Qatar membangun kawasan khusus untuk pusat kebudayaan di Katara. Tidak hanya aktivitas kesenian, berada di Katara bisa juga menyaksikan kehidupan para nelayan Timur Tengah.
Oleh
MUHAMMAD IKHSAN MAHAR dari Doha, Qatar
·4 menit baca
Jika ingin menyaksikan pementasan seni sekaligus kehidupan nelayan Arab di Qatar, pilihan utamanya adalah datang ke Katara, di Doha, Qatar. Desa Budaya Katara, begitu Pemerintah Qatar menamakan kawasan yang diresmikan pada 2010 itu.

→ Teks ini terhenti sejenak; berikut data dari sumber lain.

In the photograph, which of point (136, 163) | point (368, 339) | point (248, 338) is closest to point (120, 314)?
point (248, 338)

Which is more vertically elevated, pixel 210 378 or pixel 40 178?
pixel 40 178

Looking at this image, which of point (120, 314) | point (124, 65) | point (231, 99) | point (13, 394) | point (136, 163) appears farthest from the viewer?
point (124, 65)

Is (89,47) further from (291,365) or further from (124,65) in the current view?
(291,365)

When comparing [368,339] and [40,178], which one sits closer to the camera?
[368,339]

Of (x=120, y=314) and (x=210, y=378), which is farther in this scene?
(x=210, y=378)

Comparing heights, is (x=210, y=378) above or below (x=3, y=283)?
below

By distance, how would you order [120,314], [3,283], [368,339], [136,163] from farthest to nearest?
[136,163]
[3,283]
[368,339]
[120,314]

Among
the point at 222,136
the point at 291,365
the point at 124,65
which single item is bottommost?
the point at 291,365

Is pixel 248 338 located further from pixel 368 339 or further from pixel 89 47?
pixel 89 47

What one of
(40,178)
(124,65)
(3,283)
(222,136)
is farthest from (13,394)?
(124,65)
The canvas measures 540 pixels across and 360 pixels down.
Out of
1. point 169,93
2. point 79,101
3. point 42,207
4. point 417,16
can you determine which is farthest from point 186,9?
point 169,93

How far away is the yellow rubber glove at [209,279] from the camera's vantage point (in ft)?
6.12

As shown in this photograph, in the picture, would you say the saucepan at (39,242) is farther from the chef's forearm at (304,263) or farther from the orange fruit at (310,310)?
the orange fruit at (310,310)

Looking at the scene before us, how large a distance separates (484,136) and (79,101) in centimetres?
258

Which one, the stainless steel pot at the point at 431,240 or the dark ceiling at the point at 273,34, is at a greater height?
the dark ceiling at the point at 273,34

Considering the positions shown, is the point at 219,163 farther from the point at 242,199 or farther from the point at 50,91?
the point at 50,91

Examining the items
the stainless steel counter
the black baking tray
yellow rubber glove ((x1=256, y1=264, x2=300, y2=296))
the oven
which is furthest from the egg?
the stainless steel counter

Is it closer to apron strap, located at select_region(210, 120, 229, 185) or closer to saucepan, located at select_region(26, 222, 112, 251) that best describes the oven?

Bangunan di Katara juga merupakan kantor dari berbagai pusat kesenian dan kebudayaan Qatar, di antaranya Qatar Philharmonic Orchestra, Qatar Fine Arts, Qatar Music Academy, dan Poet Majles.
Ketika keluar dari Stasiun Metro Katara, Selasa (6/12/2022) sore, Kompas disambut serupa alun-alun tua di Eropa. Jalannya bebatuan tidak rata dengan kolam air mancur. Saat malam, kolam itu akan terasa lebih estetik karena dilengkapi lampu sorot warna-warni.
Katara diambil dari penamaan Qatar yang muncul di peta-peta penjelajah Eropa pada abad kedelapan. “Katara” juga telah digunakan para ahli geografi yang menyusun peta Ptolemaeus pada abad kedua masehi.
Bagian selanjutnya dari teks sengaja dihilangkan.